April 14th, 2017 5:06 PM

Whatever was the matter with Kansas when Thomas Frank wrote his book is now less daunting for the left, believes New York magazine’s Eric Levitz, who contended in a Wednesday piece that the closeness of this week’s House special election in the Wichita-centric 4th District appears to spell trouble for conservatives.

On Tuesday, Republican Ron Estes was elected by seven percentage points to represent the 4th, which five months ago Donald Trump won by 27 points and then-incumbent congressman Mike Pompeo, now director of the CIA, took by 31 points. Levitz noted that many Republicans are claiming that the main drag on support for Estes wasn’t Trump, but rather the state’s governor, Sam Brownback.

If that’s true, Levitz opined, the news is even worse for the GOP. “In the long run, a repudiation of Brownback is just as, if not more, threatening to the Republican Party than a repudiation of Trump would be,” he wrote. “Brownback isn’t unpopular for idiosyncratic, personal reasons; the governor didn’t decimate his state’s finances by spending public funds on sex workers. He did it by implementing the conservative movement’s blueprint for utopia.”

After recapping Brownback’s tax-and-budget-cutting agenda as well as his announced goal of creating a “red-state model” of governance, Levitz commented (bolding added):

Of course, the GOP’s “different way” didn’t work. Instead of providing national Republicans with a winning advertisement for fiscal conservatism, it provided Kansas’s government with giant revenue shortfalls, its economy with weaker job growth than in neighboring states, and Brownback himself with one of the lowest approval ratings of any governor in America…  
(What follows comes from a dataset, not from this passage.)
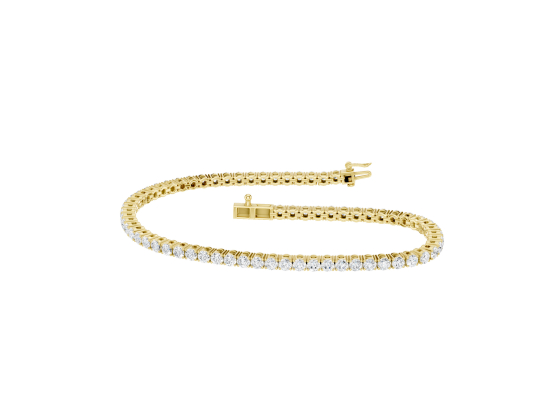 Verde Tennis Armb&aring;nd - 375 (9k) gg & 4ct LAB DIAMANTER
…To say that Kansas didn’t swing against the GOP because of Trump, but, rather, because of Brownback, is to say that red America isn’t souring on one particular Republican -- it’s souring on the party’s entire economic philosophy…

…[Trump’s] approval rating began sliding in early March, right after [Paul] Ryan unveiled his plan to finance a large tax cut for the rich by throwing millions of low-income people off their health insurance — an idea that enjoyed the backing of 17 percent of the electorate…
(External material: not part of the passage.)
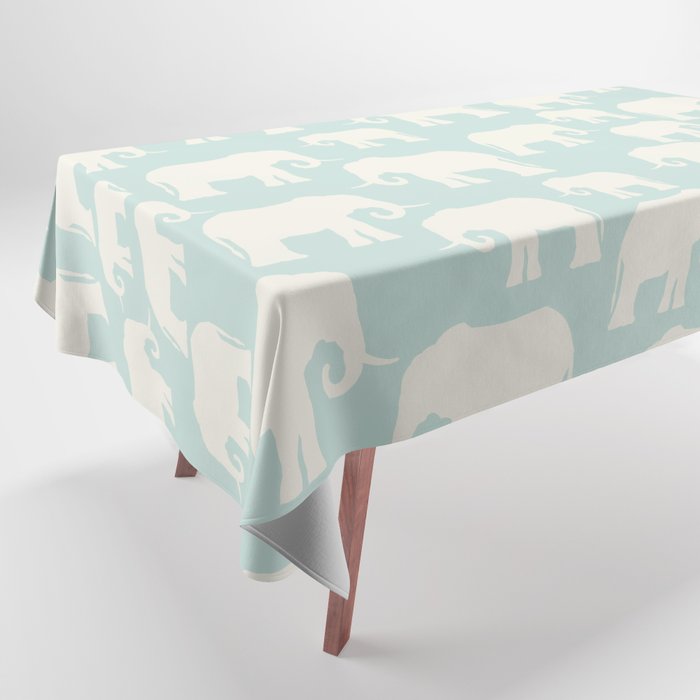 Ivory White Elephant Silhouette Pattern on Mint Green Tablecloth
…The GOP’s fundamental weakness, the one they compensate for using gerrymandered districts, voting restrictions, fraudulent promises, defamatory conspiracy theories, and increasingly garish appeals to white racial resentment…[is that] Republican voters no longer want to buy what misanthropic billionaires pay their leaders to sell them. Not even in the Koch brothers’ backyard.